Data to process:
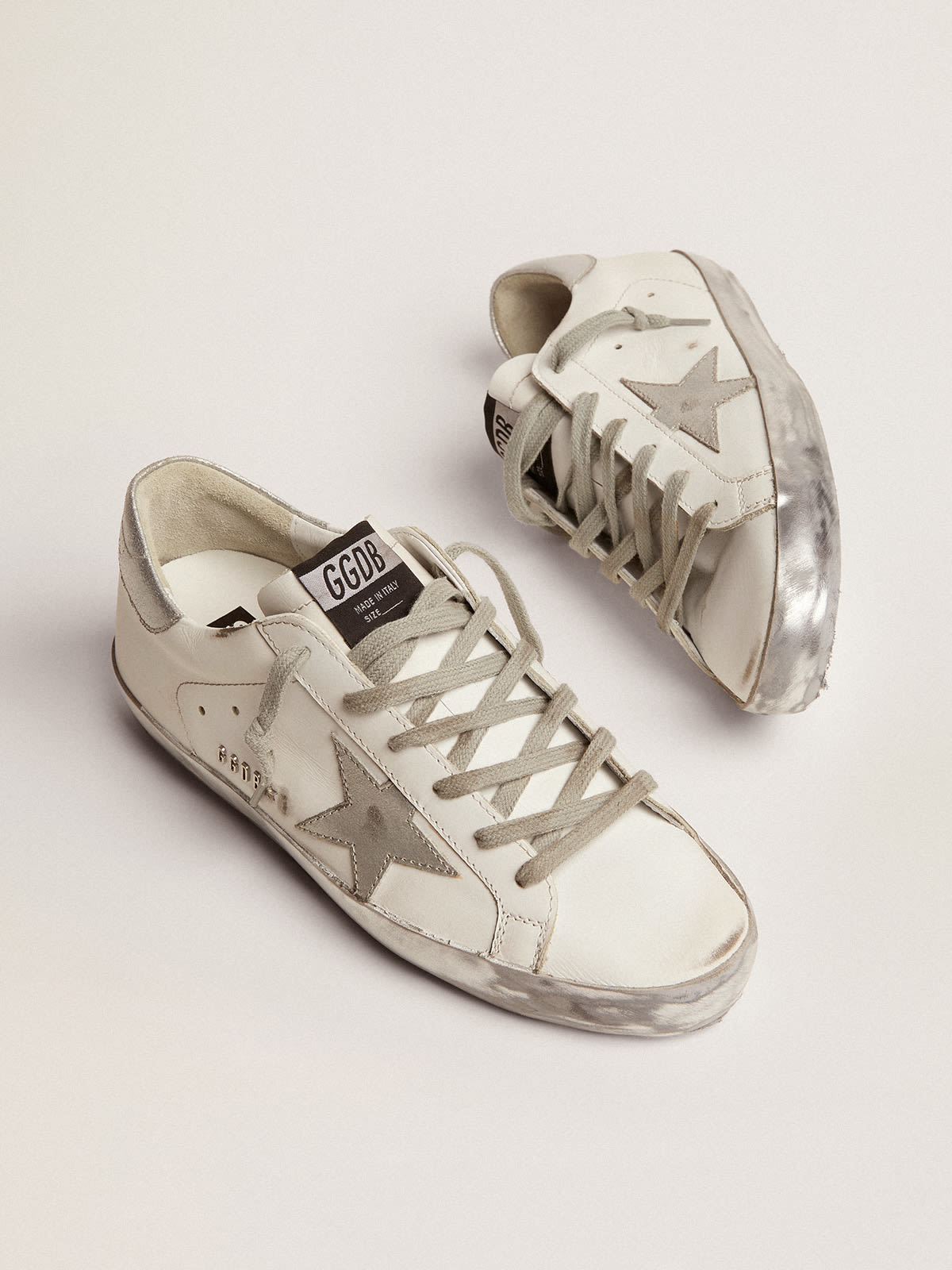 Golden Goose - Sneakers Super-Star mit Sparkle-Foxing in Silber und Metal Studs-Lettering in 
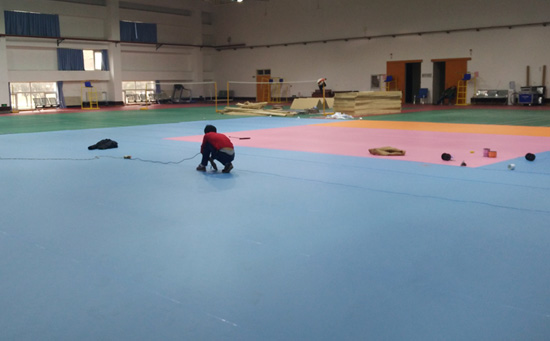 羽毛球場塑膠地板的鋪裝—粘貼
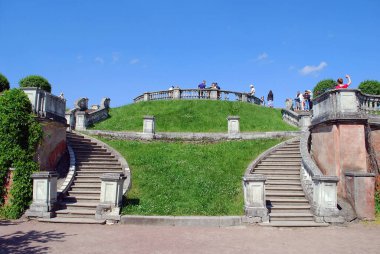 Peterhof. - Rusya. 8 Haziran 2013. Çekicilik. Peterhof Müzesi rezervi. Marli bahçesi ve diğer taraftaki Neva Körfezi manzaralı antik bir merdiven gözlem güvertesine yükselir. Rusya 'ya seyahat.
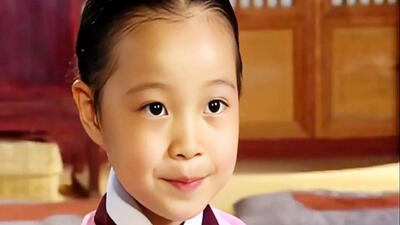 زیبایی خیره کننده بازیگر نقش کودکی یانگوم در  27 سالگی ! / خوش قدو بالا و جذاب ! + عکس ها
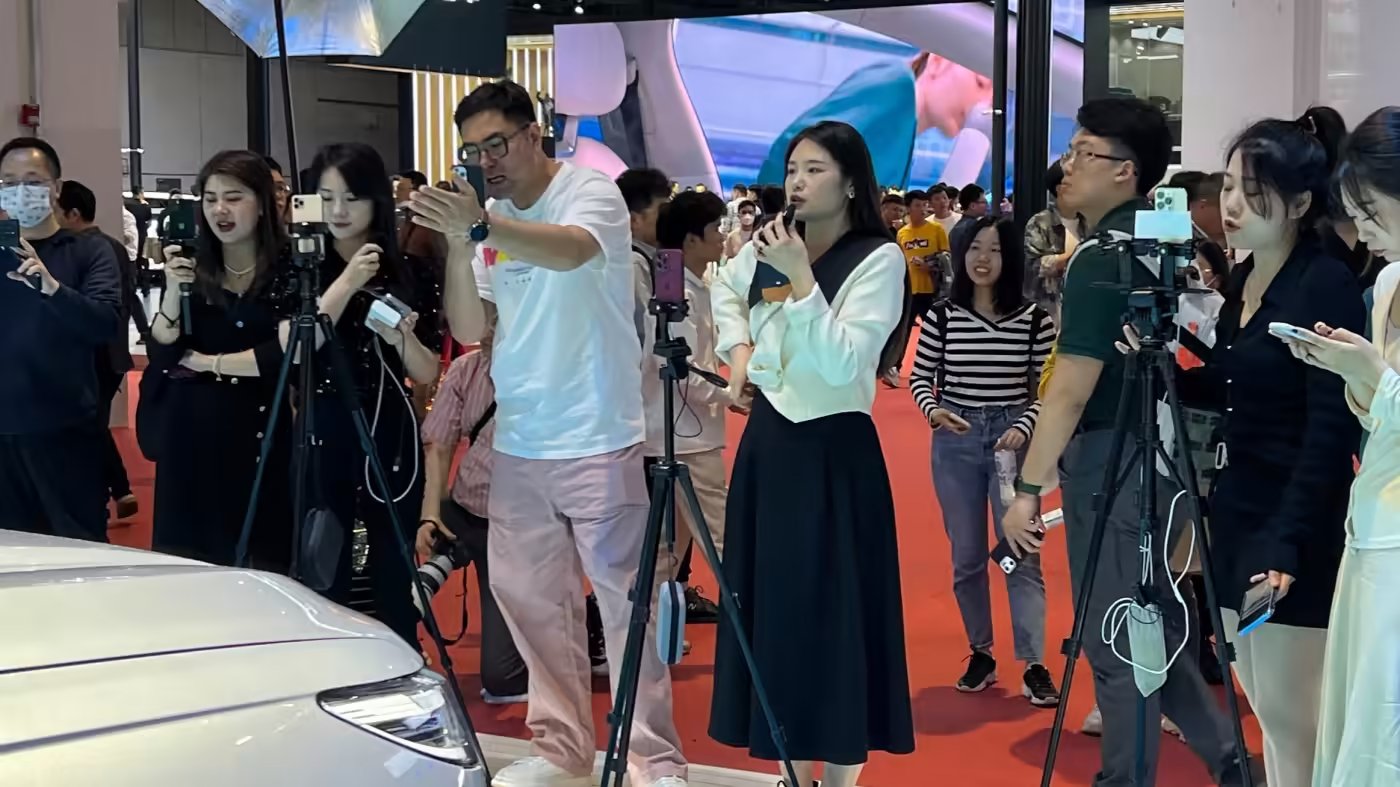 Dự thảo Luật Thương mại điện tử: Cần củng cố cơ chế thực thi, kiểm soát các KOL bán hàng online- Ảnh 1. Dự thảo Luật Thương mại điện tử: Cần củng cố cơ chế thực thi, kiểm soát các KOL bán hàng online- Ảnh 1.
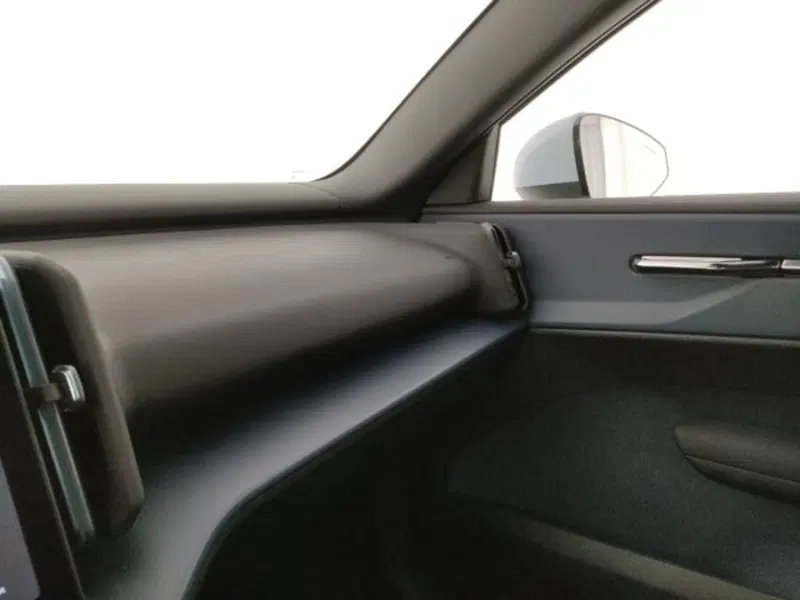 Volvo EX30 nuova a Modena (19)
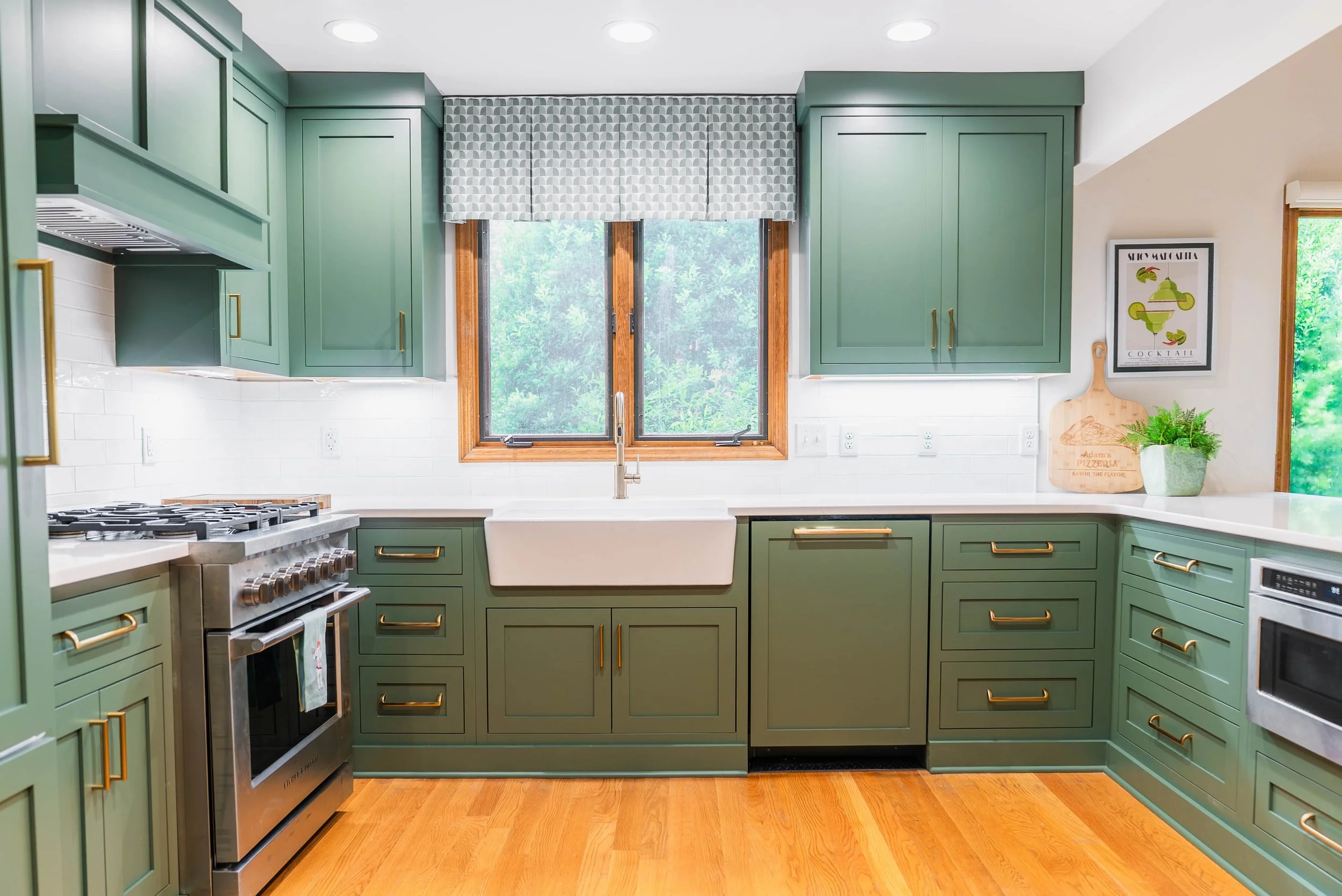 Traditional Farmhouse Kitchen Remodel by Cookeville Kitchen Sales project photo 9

Task prompt:
For each entry above, write it out again exactly but leave out any picture.

Solution to this task:
 Golden Goose - Sneakers Super-Star mit Sparkle-Foxing in Silber und Metal Studs-Lettering in 
 羽毛球場塑膠地板的鋪裝—粘貼
 Peterhof. - Rusya. 8 Haziran 2013. Çekicilik. Peterhof Müzesi rezervi. Marli bahçesi ve diğer taraftaki Neva Körfezi manzaralı antik bir merdiven gözlem güvertesine yükselir. Rusya 'ya seyahat.
 زیبایی خیره کننده بازیگر نقش کودکی یانگوم در  27 سالگی ! / خوش قدو بالا و جذاب ! + عکس ها
 Dự thảo Luật Thương mại điện tử: Cần củng cố cơ chế thực thi, kiểm soát các KOL bán hàng online- Ảnh 1. Dự thảo Luật Thương mại điện tử: Cần củng cố cơ chế thực thi, kiểm soát các KOL bán hàng online- Ảnh 1.
 Volvo EX30 nuova a Modena (19)
 Traditional Farmhouse Kitchen Remodel by Cookeville Kitchen Sales project photo 9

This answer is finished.